人の心がわり
【心惹かれたことば】
≪私は恋愛小説を書くのがわりに好きだ。
なぜかというと、”人の心がわり”ということほど、人生に大きなショックはないだろうから。挑戦しがいある文学テーマである。というのも、人は、人を好きになったり、愛したりする。それも人生では衝撃的なできごとであるが、愛がさめ、好意が薄れることも、人生にはある。人は心がわりする。それを、とどめられないことも人生には、ある。 〈ひよこのひとりごと〉 ≫
田辺聖子 上機嫌な言葉366日 海竜社 46頁
既刊の作品からさまざまなことばを抽出した「ことば集」であるこちらの本。その中からいいなぁと思ったのが上記のことば。「ひよこのひとりごと」というエッセイ集の中の一説になります。
【考察】
うまくいかない時はうまくいかないものだ。そういうもの。そのまま受け入れる。あれこれ考え悩まなくてもいい。何が悪いのか考えなくてもいい。

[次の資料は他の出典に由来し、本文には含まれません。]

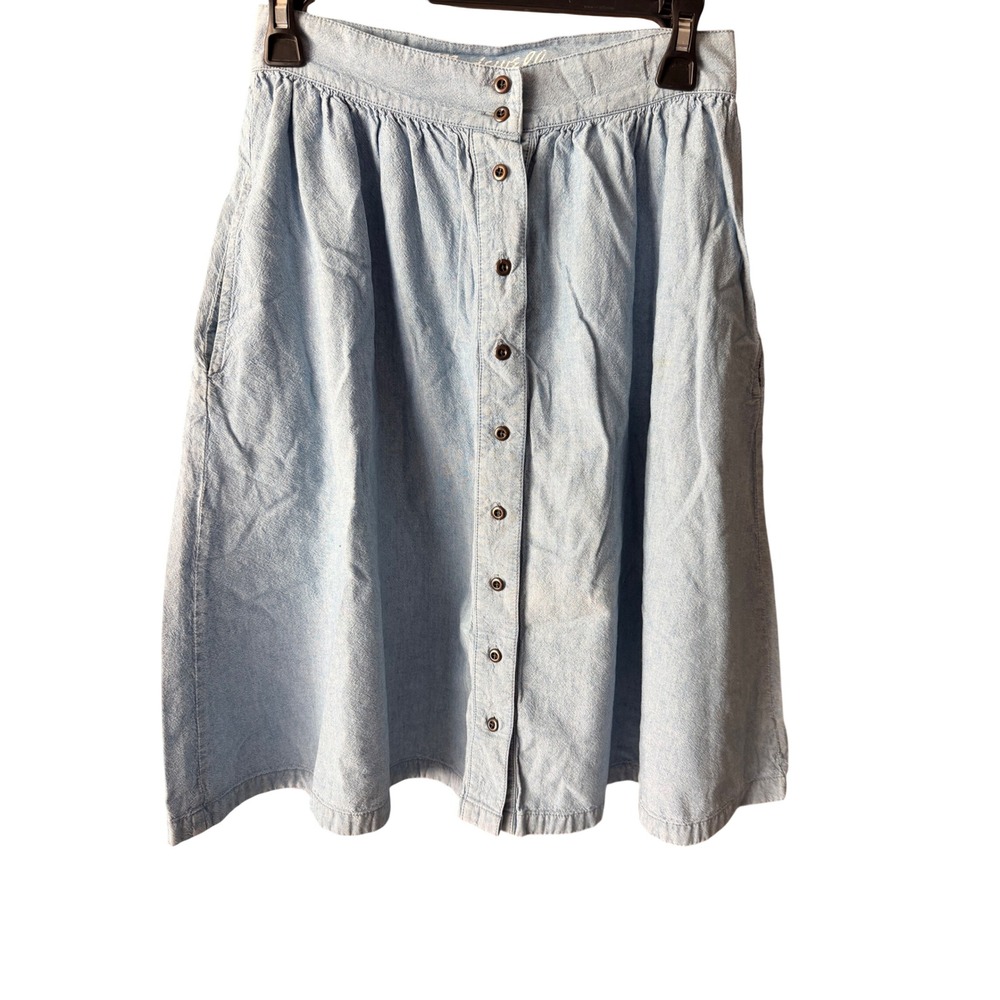 Madewell Chambray Button Front A-Line Skirt Size S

考えなくてもいい。考えてもいい。なぜ自分は上記のことばに惹かれたのかを考える。
「それもまた、良しや」
田辺聖子さんの作品が好きで以前に何冊か読みました。しなやかさと言いますか、やわらかさと言いますか、どうしようもなさと言いますか、可愛げのある男女が多く登場するんですよ。好きです。まだ読んでない作品も多くあるので読んでみようと思います。